Но вернёмся к пенициллину. Мало кто понимает реальную значимость тех, кто выбрал остаться на «малой земле». Во-первых, за два года на оккупированном Донбассе сложился абсолютно уникальный, замешанный на слепом прагматизме патриотизм. Парадоксально, но то, что заставляло многих из местных бежать от пуль или «Градов», ища слепой практической выгоды, — сегодня заставляет «оставшихся» пребывать всё ещё здесь. Разница состоит лишь в дискуссии о стратегии с тактикой. Бежать в 2014-ом — было тактическим выводом. Но в долгосрочной стратегии лишь сохранение украинской ментальности, способа мысли и приверженности — до абсурда с упрямством, несмотря ни на что — тем ценностям, которые были здесь ещё до войны, — единственный шанс этой земли стать по-настоящему украинской. Ведь украинский флаг однажды уже развивался над этой землёй — и это не помогло. Мы потеряли его не над мэрией или в Славянске, — а, в первую очередь, в наших умах, когда где-то тактично молчали, а где-то не вышли на митинг, посчитав, что всё решится без нас. Этого не случилось. И лишь единицы здесь могут сказать откровенно «я сделал всё, что мог сделать тогда». Да, украинская армия способна теперь отстоять нашу землю, — но не она ответ на вопрос, что делать с курсантами, шагающими сегодня под гимн «ДНР». Этим ответом являются те, кто и дальше растят здесь детей, водя их в «республиканские» школы и ВУЗы и объясняя, что всё это — всего лишь сон. Спят они, а не мы, и однажды им придётся проснуться. И это уже происходит: в трамваях, на лестничных клетках, где всё чаще можно услышать в свой адрес «а в чём-то тогда ты был прав».
Разве это не стоит того, чтобы остаться? Два года ненависти сменились молчанием, а затем — по крупицам — начался диалог. Сплошные возгласы «слава республике» всё чаще теперь разбавляются «да был уже ваш референдум», и это «ваш» — заслуга таких вот «теней». Мы привыкли слишком буквально смотреть на реальность, искренне веря, что всё дело в количестве танков на передовой. Проблемы Донбасса начались здесь, на Донбассе, и здесь же они должны завершиться, как бы банально это порой ни звучало. Это вовсе не значит, что на фронте должны стоять только местные, — но если фронт понимать, как борьбу за умы, то иных антител для борьбы с этим вирусом просто здесь не найти. Именно прописка и два года обстрелов дают право начинать разговор.

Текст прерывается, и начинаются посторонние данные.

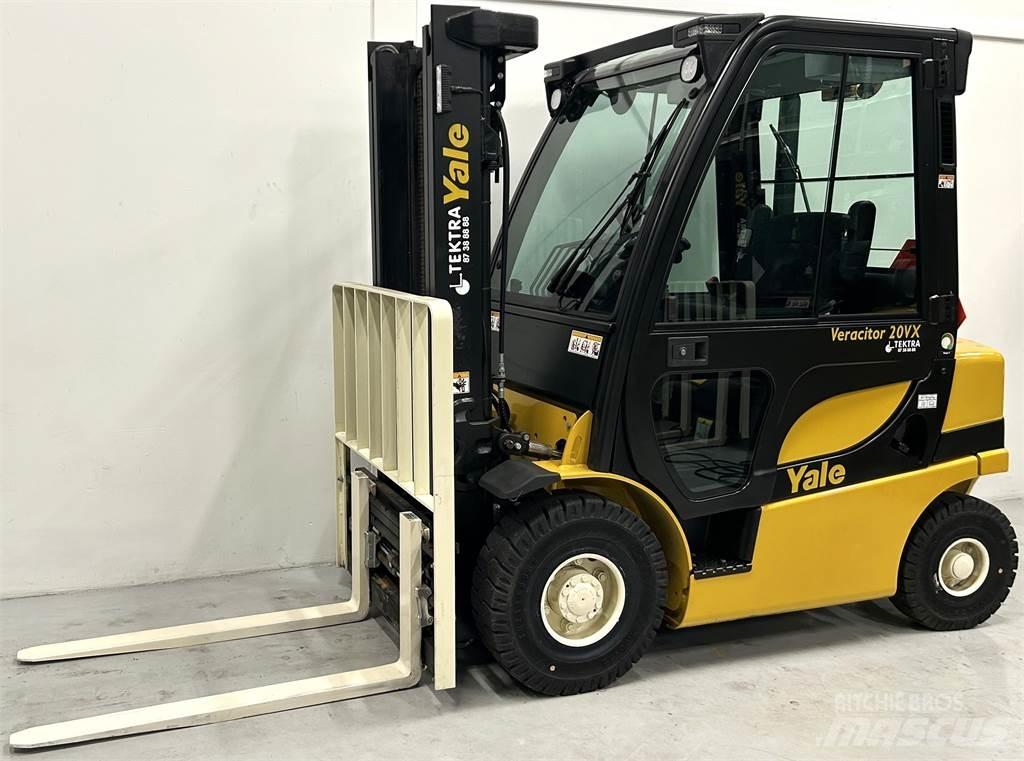 Yale GDP20VX Diesel Forklifts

Иначе вас даже слушать не станут. Остаться и ждать, когда вирус «русского мира» начнёт выдыхаться и можно будет сказать: «Это наша земля». Наверное, с этого (наряду с, увы, необходимой войной) начнется настоящая реинтеграция.
В конце концов, мы не должны позволить и государству отмахнуться от нас, как это было в Крыму. Пока мы всё ещё здесь, пока тысячи украинцев всё ещё борются — разными методами — за возвращение украинского флага, будет политическим самоубийством однажды всерьёз заявить, что там никого уже нет. А это даёт надежду, что однажды голос Донбасса всё же услышат, и он не будет повторять триколор. Полотно ещё не окончено, кисть художника всё ещё в краске, — и только от нас зависит, станем ли мы лишь пятном.